TROIS ROSES ET UN COGNAC

Rosanne Mathot Journaliste

Où il est question d’hésitations, de compromis à la belge, d’uniformes policiers trop petits, du jaune, de l’orange et de l’amour.

C’était une histoire de prostate. Ou de ganglions. Non. Une affaire de testicules. Allez savoir. Quoi qu’il en soit, c’était clairement un truc gênant. Il suffisait de regarder le policier se contorsionner sur sa chaise, pour en avoir la certitude. Le type aux ganglions et aux testicules avait posé les pieds sur le barreau de la chaise devant lui, de sorte qu’en adoptant un certain angle, c’était un sacré panorama.

Au énième couinement plaintif du cuir sous les fesses policières, tout le café détourna le regard avec irritation. Les gens se mirent à faire hem hem, à tousser, à pouffer. On se dit que la patronne allait finir par l’envoyer se déculotter à la cave, ce policier au futal trop serré à l’entrejambe, trop long aux chevilles et peut-être même un peu trop large aux mollets. Mais non. Elle lui servit un cognac. Dans un élan martial, le gars avala son alcool en cascatelle, les moustaches au garde-à-vous. Il en réclama une bouteille de plus, puis, jetant un oeil indécis sur les trois roses rouges et les deux gilets fluo qu’il avait étalé sur la nappe, il sembla dubitatif, tout en tirant énergiquement sur son pantalon trop long, trop serré et trop large à la fois. Il prit les fleurs et enfila la veste jaune mais aussi l’orange, le temps que l’arrêté royal soit publié.  » Quels branquignols, ces politiciens hésitants « , se dit-il, goguenard, en montant dans sa voiture (1).

Vingt minutes plus tard, le commissaire reçut un texto sans équivoque :  » Je te veux. » Ça lui revitalisa la coucourde aussi sec, malgré l’engoncement de la chose dans son tissu hargneux. Il fit immédiatement route vers le sud. Vers la femme au souffle. Chaque courbe, chaque bifurcation, chaque virage le rapprochait d’elle.

Mais alors qu’il s’apprêtait à rejoindre joyeusement le ring, il reçut un autre sms, en provenance du nord, cette fois :  » Je t’attends, chou. » Ça se compliquait. Sous la pergola broussailleuse de ses sourcils froncés, il grimaça. Il fit un téméraire demi-tour sur la deux fois quatre bandes et s’orienta résolument plein nord. Au bout de 43 minutes, il se dit que, quand même, la sudiste avait une voix-souffle… irrésistible. Il repartit donc illico dans l’autre sens.

Durant les heures qui suivirent, ses déplacements de balancier le menèrent hors et dans Bruxelles, dans un incompréhensible va-et-vient qui effraya tout l’Horeca local. On le prit pour un inspecteur sanitaire particulièrement zélé. Après six heures d’oscillations passionnées, le commissaire se dit que ça devait finir.

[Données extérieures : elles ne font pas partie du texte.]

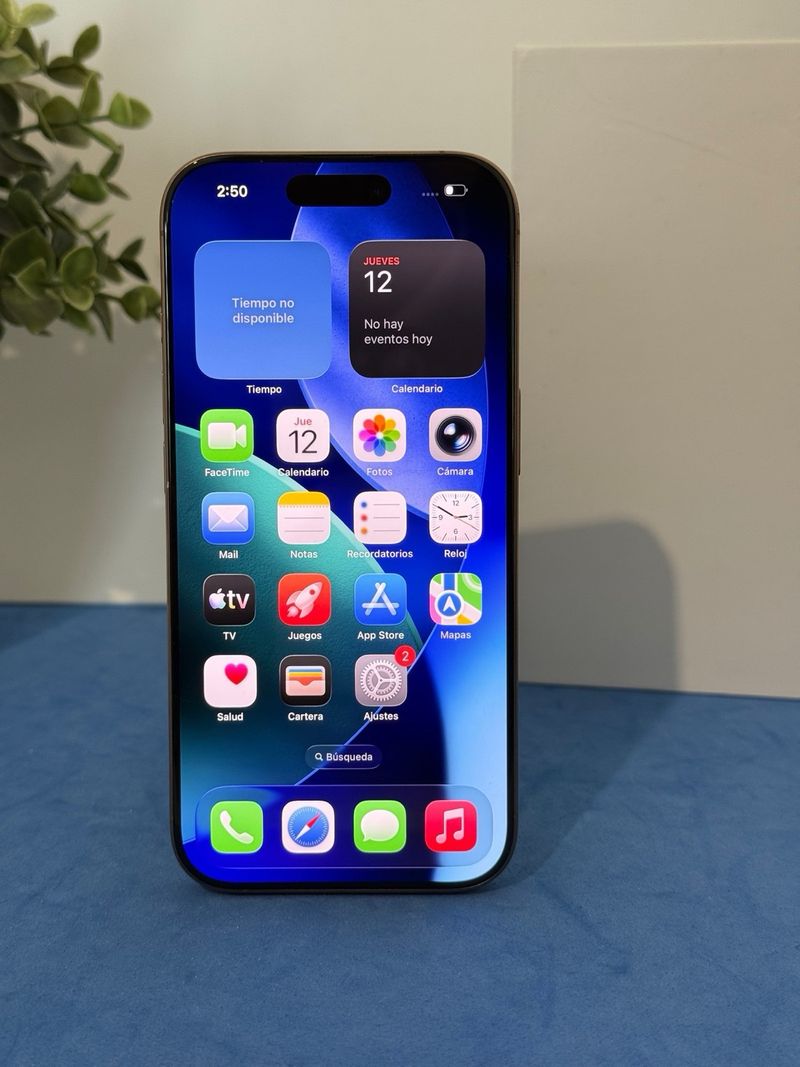 iPhone 16 Pro 128GB afbeelding 2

Quelques mois plus tard, Jan Jambon lut dans le journal qu’on avait retrouvé, au fin fond de l’Alaska, au point le plus à l’ouest du monde, un policier flamand, hagard, avec trois roses fanées et une bouteille de cognac vide.  » Quel branquignol, ce flic hésitant !  » se moqua le ministre de l’Intérieur, en montant dans sa voiture. Il avait dans les yeux un brasier fluo, à moitié jaune, à moitié orange.

Mais c’est pas tout ça, l’heure tourne. Où est encore passé le serveur ? S’agirait pas de louper le film qui va démarrer à 20 h 15 sur la Une.

(1) Malgré un accord sur la veste orange fluo des policiers, le ministre Jan Jambon a, il y a plusieurs mois, rouvert le débat, disant préférer le jaune. Par ailleurs, au printemps dernier, certains policiers flamands se sont retrouvés avec des uniformes peu adéquats, en raison d’une rupture de stock, au niveau fédéral.